Peut-être qu’après cette année perdue, 2012 va marquer le véritable top de départ. Mais il faut reconnaître tout de même que le Burkina a trébuché, renversant le canari de son développement. Mais avant de repartir à la rivière avec un autre canari, mieux vaut chercher et trouver le caillou qui nous a fait trébucher. D’abord, qu’est-ce qu’un pays émergent ? Si l’on s’en tient à ces contrées qu’on dit sortant comme des sous-marins de l’océan de la pauvreté, ce sont des pays où certains progrès ont été réalisés dans le domaine de l’éducation, de la santé, de l’agriculture et de l’Etat de droit.

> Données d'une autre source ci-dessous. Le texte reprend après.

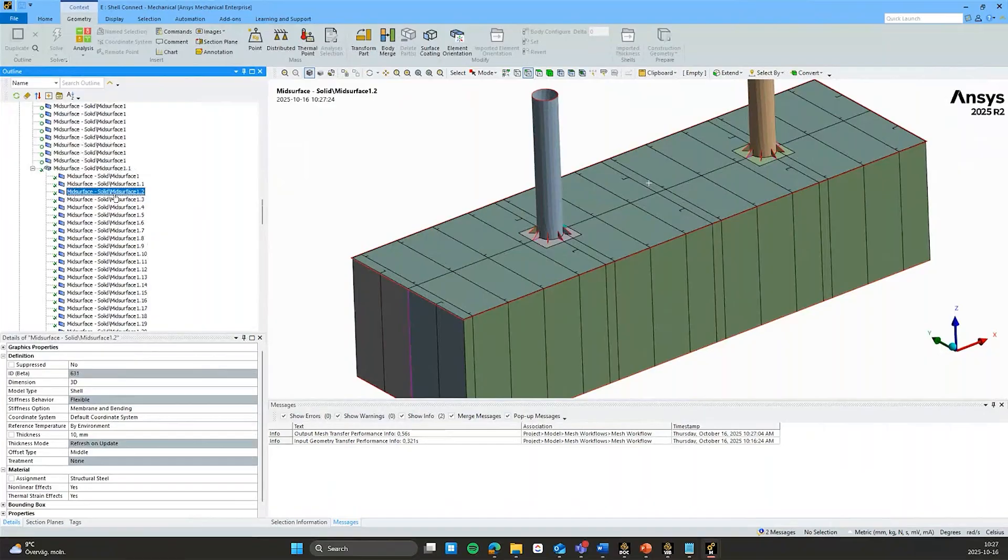Okay. That was the demo there. I hope you are interested in trying out the mesh workflows. Thank you.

Au Burkina, on aurait dû asseoir ces préalables, consolider ces fondations, avant de chercher à construire quelque chose de solide. Il faudrait qu’on se dise qu’il nous reste pas mal de choses à faire avant que la carte du Burkina ne pointe son nez dans la catégorie des pays « sous-développés » qui s’en sortent. Parce qu’au Burkina, le pays réel ne bouge guère, pendant que les mots font de prodigieux bonds en avant. De pays pauvre, on est vite passé à pays sous-développé avant de grimper allègrement sur la branche de pays en développement, puis de pays émergent. Pendant que cette course lexicale se mène avec sérieux, nous occupons d’année en année les dernières places des classements mondiaux et africains en termes de bien-être humain et matériel.

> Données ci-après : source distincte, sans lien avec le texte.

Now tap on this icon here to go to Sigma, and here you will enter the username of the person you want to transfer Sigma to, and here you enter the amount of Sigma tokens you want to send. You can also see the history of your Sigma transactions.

La situation n’est guère reluisante : 80% des paysans ahanent toujours dans les champs sur leurs traditionnelles et séculaires dabas ; quelques industries ont du mal à tenir le choc de la mondialisation ; les jeunes qui travaillent sont une goutte d’eau par rapport à ceux qui n’ont que les "grins" de thé comme job. Bref, les chantiers sont nombreux malgré quelques avancées notables. Aucun peuple ne refuse de se développer et les Burkinabè ont bien envie de vivre dans un pays émergent, et même dans un pays développé, car qui veut le moins, préfère surtout le plus. Mais il faut leur donner de quoi croire à cette ambition. Pour commencer, qu’ils n’aient plus l’impression que certains dirigeants ne sont là que pour les spolier, à la manière du berger qui ne conduit son troupeau au bon pâturage que pour brouter lui-même.

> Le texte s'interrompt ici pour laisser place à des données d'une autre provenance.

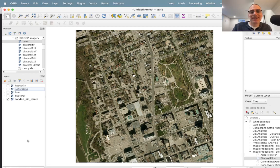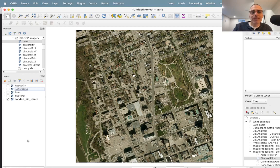Hi everyone, I'm John Lindsey. I'm a professor of geomatics at the University of Guelph in the Geography Department and I'm also one of the two co-founders for Whitebox Geospatial. I haven't done one of these videos before — this is my first. I am the developer of Whitebox Tools. In addition to being the developer of Whitebox Tools OpenCore, I also previously developed Whitebox Geospatial Analysis Tools, and most recently we've released Whitebox Workflows for Python, which is the product I'd like to talk about today.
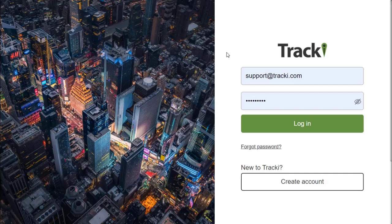Hi, welcome to the Trackey tutorial guide on the web application. Today we're going to show you some of the things that you need to know about the Trackey web application and how to set up some of the settings to make sure that you have them right when you're using your Trackey device.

Cette conviction est tellement ancrée que même quand on veut bien faire, on ne vous croit pas. Le processus des réformes politiques en est l’exemple le plus patent : le principe est bon et même excellent, mais on a vite craint qu’il y ait entourloupe. Commençons donc par asseoir et consolider les fondamentaux. Si l’édifice de l’émergence veut se construire sur du sable, il s’écroulera. Mais sur un roc fait de l’alliage démocratie-justice-libertés-confiance, même les plus sceptiques contribueront à faire du Burkina Faso, non plus un pays émergent, mais un pays émergé.